The first "CNS Meeting" was organized by Jim Bower and John Miller in San Francisco in 1992. In the early 1990s, the CNS meeting received about 100 submissions per year. By 1997 the number was over 200, and in 2009 it included more than 650 submissions.
Still, the aim is to maintain the collegial spirit of the early meetings, which revolves around lively discussions after the talks, during late-night poster presentations, while enjoying the traditional banquet, or even during excursions to local touristic sites (yes, even then). In addition to this fun and casual environment, CNS has two prominent features. First, since its early editions, CNS has been a forum for young scientists -- graduate students, postdocs and junior faculty -- who present their work and have the opportunity to talk with more senior leaders in the field. In fact, the proportion of faculty, postdoc and student attendees has remained quite steady over the years, at about one third each.

Second, it has become a truly international meeting.
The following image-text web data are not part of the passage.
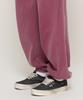 CARGOBROS Pigment-Dyed Training Jogger Pants (Burgundy)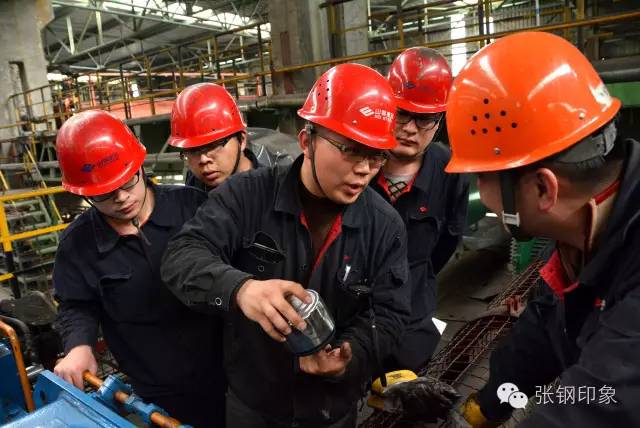 张钢张铁,张钢真实照片大全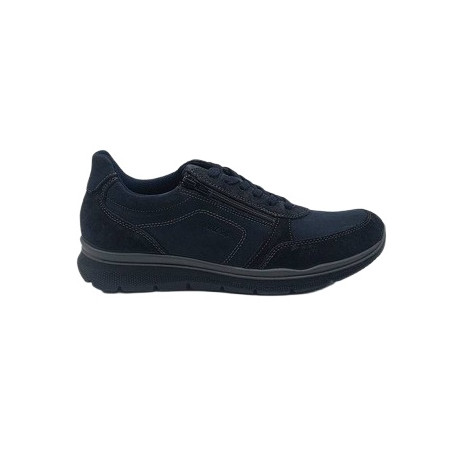 SNEAKERS ENVAL SOFT UOMO NABUK SO/SCAMOS NOTTE 6720722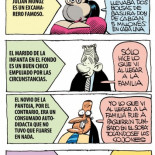 7 diferencias entre la infanta Cristina y la Pantoja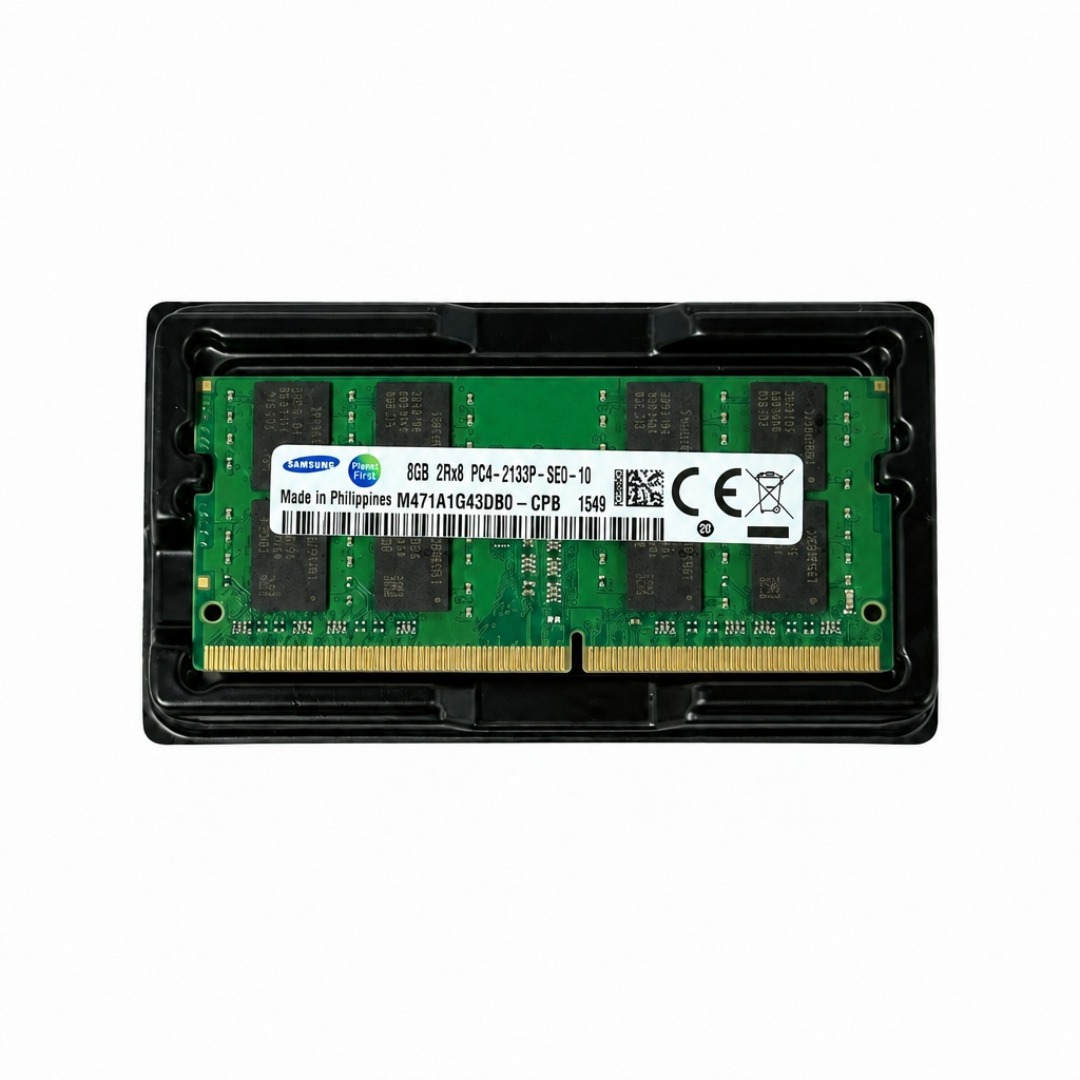 Samsung Dizüstü Bilgisayar RAM - Ddr4 2400Mhz incelemesi ve fiyatı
Reflecting this, in the year 2000 CNS was held in Europe for the first time (in Brugge, Belgium), and since then European sites were chosen in 2003 (Alicante, Spain), 2006 (Edinburgh, Scotland), 2009 (Berlin, Germany) and 2011 (Stockholm, Sweden).

Those of us involved in the OCNS, board members, local organizers, members of the program committee, and many of our sponsors, have been to many CNS meetings throughout the years and want to keep the tradition going -- not for tradition's sake but because we have all been energized, challenged and motivated by these meetings, and believe that new generations will similarly benefit, as both experimental and computational techniques evolve into more sophisticated and powerful tools. Our goal is to organize a high-quality meeting that is both informative and fun.